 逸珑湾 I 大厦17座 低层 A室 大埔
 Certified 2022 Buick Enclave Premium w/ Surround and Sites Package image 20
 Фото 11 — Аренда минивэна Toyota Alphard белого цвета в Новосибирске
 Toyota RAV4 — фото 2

...

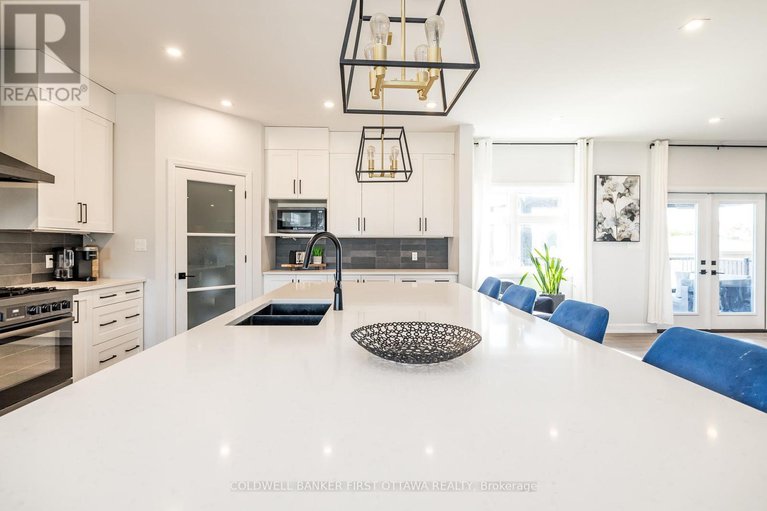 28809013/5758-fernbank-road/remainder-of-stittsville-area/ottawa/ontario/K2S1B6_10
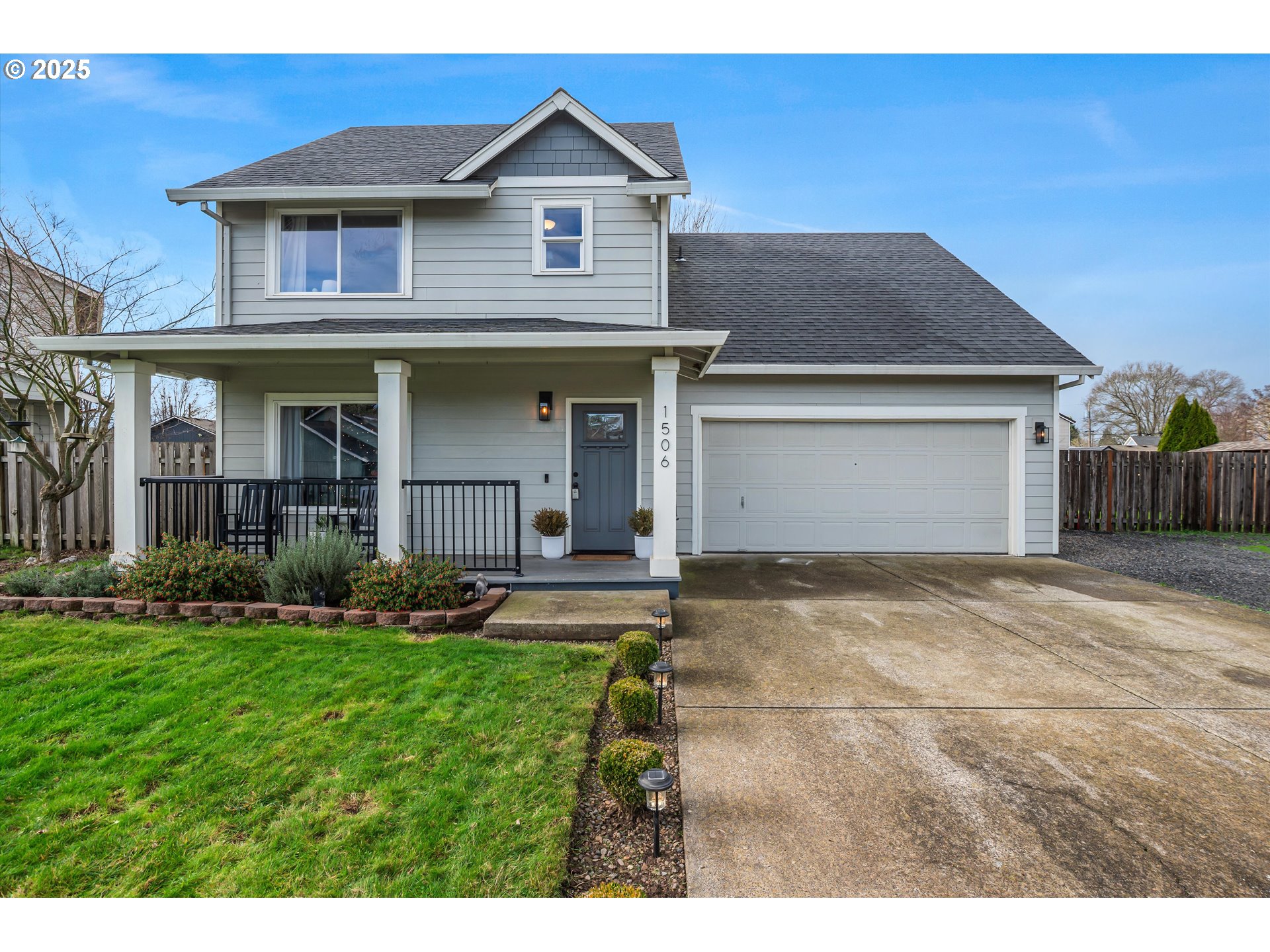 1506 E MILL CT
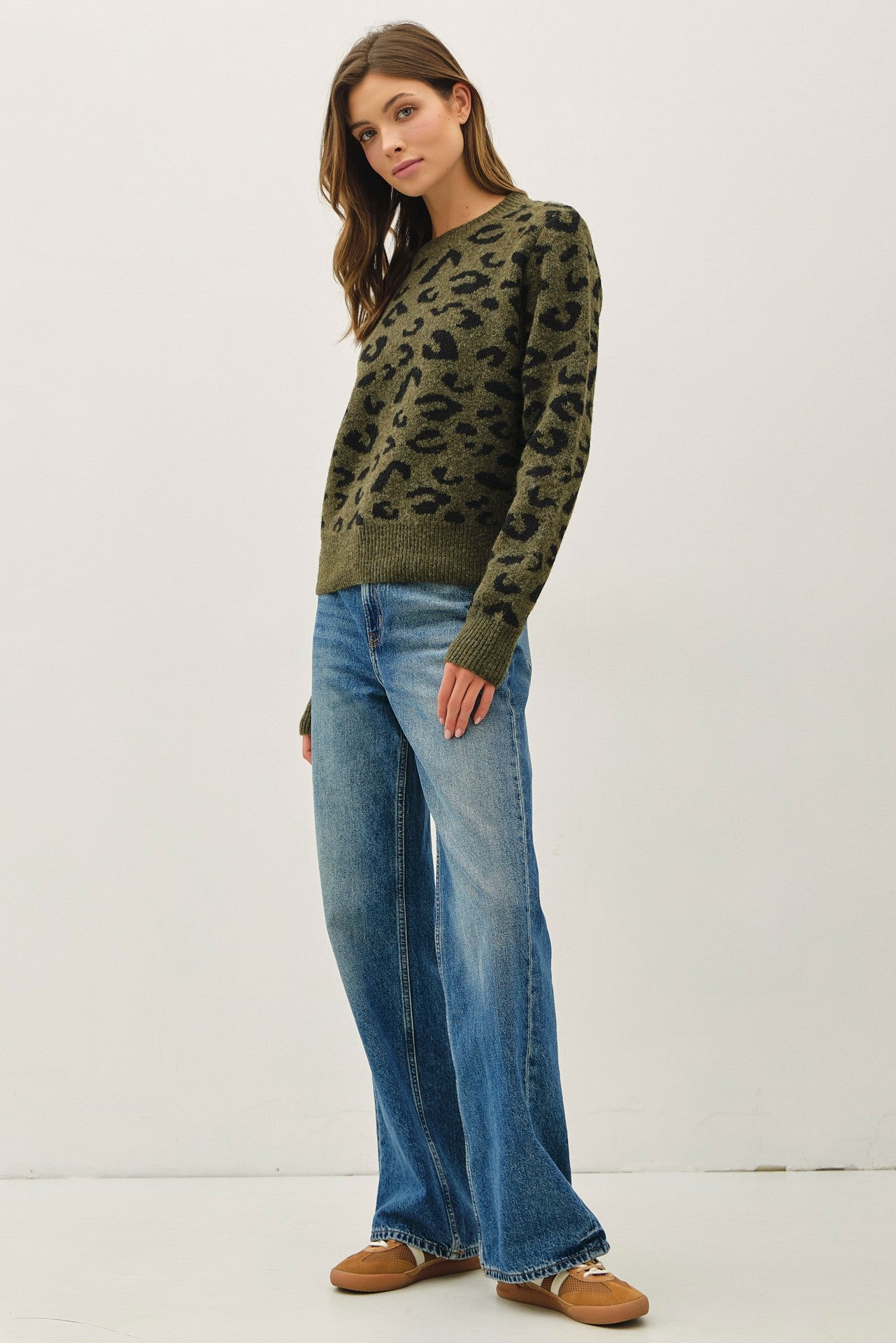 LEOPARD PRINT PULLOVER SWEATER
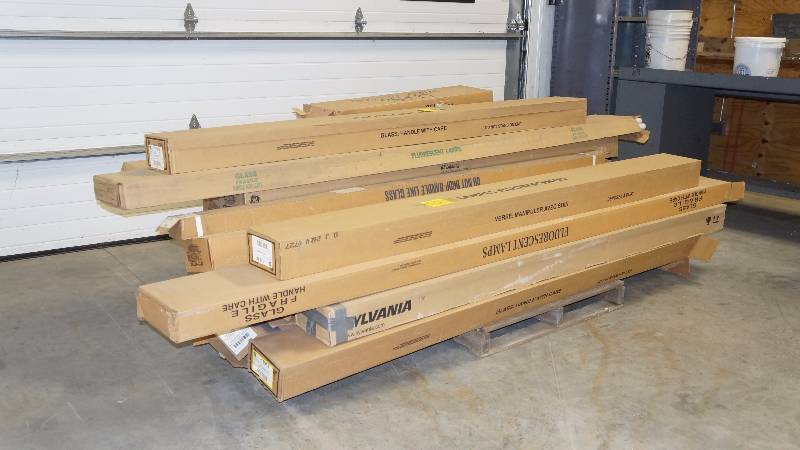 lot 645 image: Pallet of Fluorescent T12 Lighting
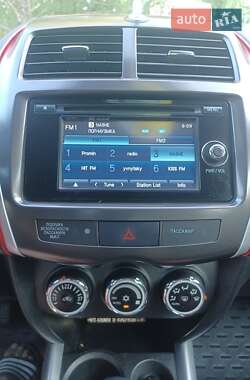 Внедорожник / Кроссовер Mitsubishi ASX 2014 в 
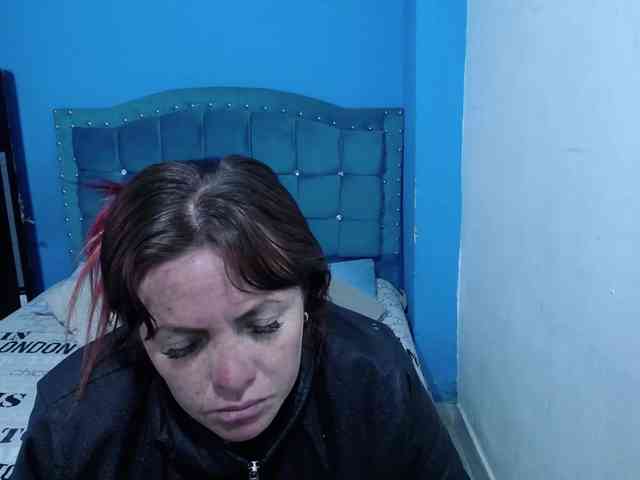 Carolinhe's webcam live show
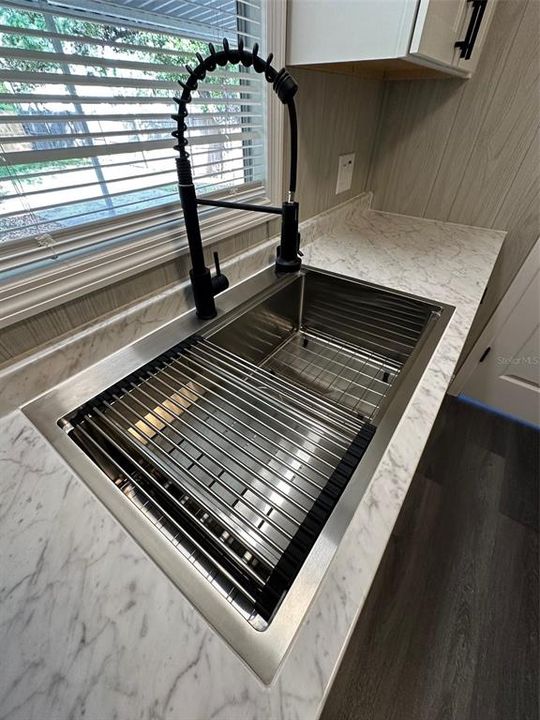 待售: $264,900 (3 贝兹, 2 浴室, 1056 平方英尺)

...

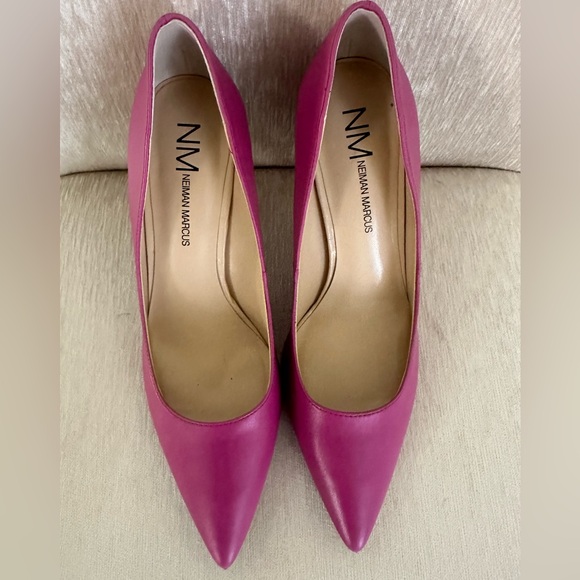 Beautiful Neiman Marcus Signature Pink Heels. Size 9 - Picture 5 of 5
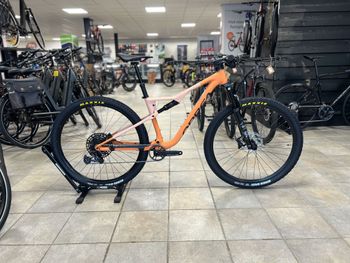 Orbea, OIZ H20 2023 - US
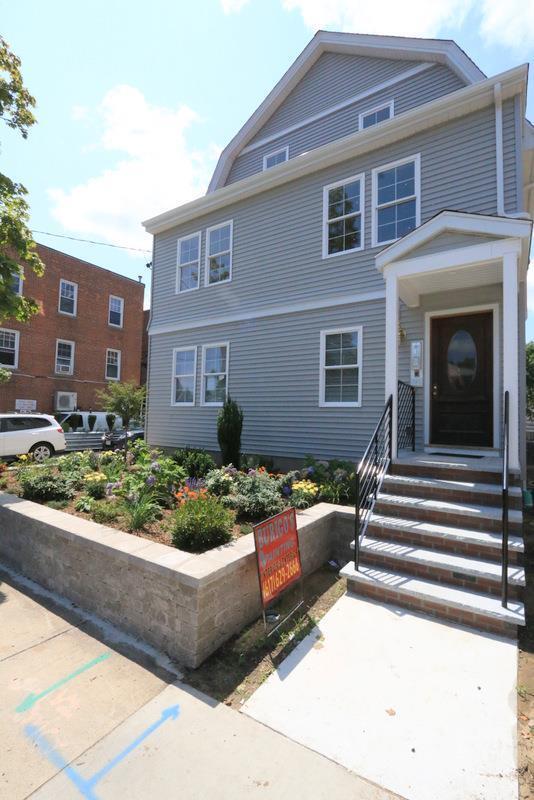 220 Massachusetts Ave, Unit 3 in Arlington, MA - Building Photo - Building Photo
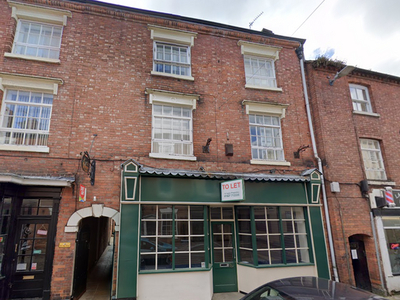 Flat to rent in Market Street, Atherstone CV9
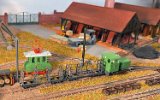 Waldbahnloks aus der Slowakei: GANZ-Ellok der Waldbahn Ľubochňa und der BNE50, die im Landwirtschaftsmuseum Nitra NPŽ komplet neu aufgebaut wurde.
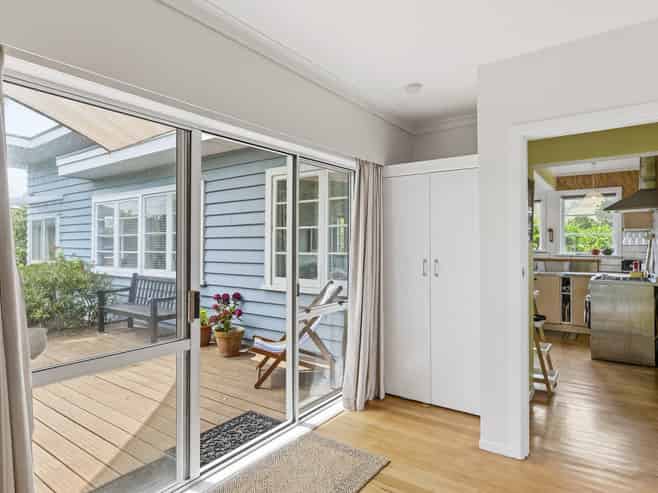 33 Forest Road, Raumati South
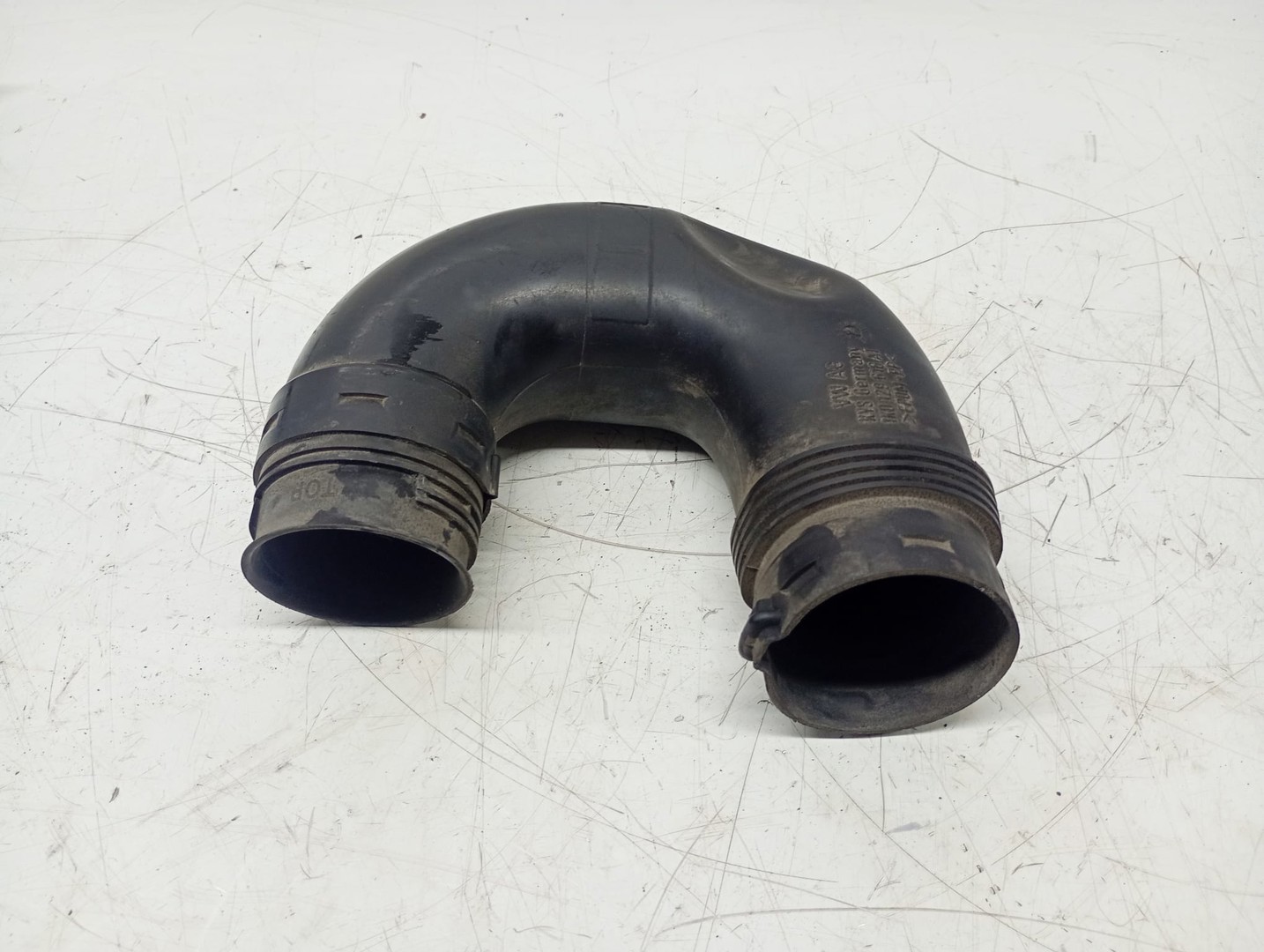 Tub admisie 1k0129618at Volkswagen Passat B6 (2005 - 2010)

Task to complete: Whatever pictures the records hold, omit them; give again exactly the lines from the one containing "lot 645 image: Pallet" through the one containing "待售: $264,900 (3 贝兹, 2 浴室, 1056 平方英尺)".

Result for this task:
 lot 645 image: Pallet of Fluorescent T12 Lighting
 Внедорожник / Кроссовер Mitsubishi ASX 2014 в 
 Carolinhe's webcam live show
 待售: $264,900 (3 贝兹, 2 浴室, 1056 平方英尺)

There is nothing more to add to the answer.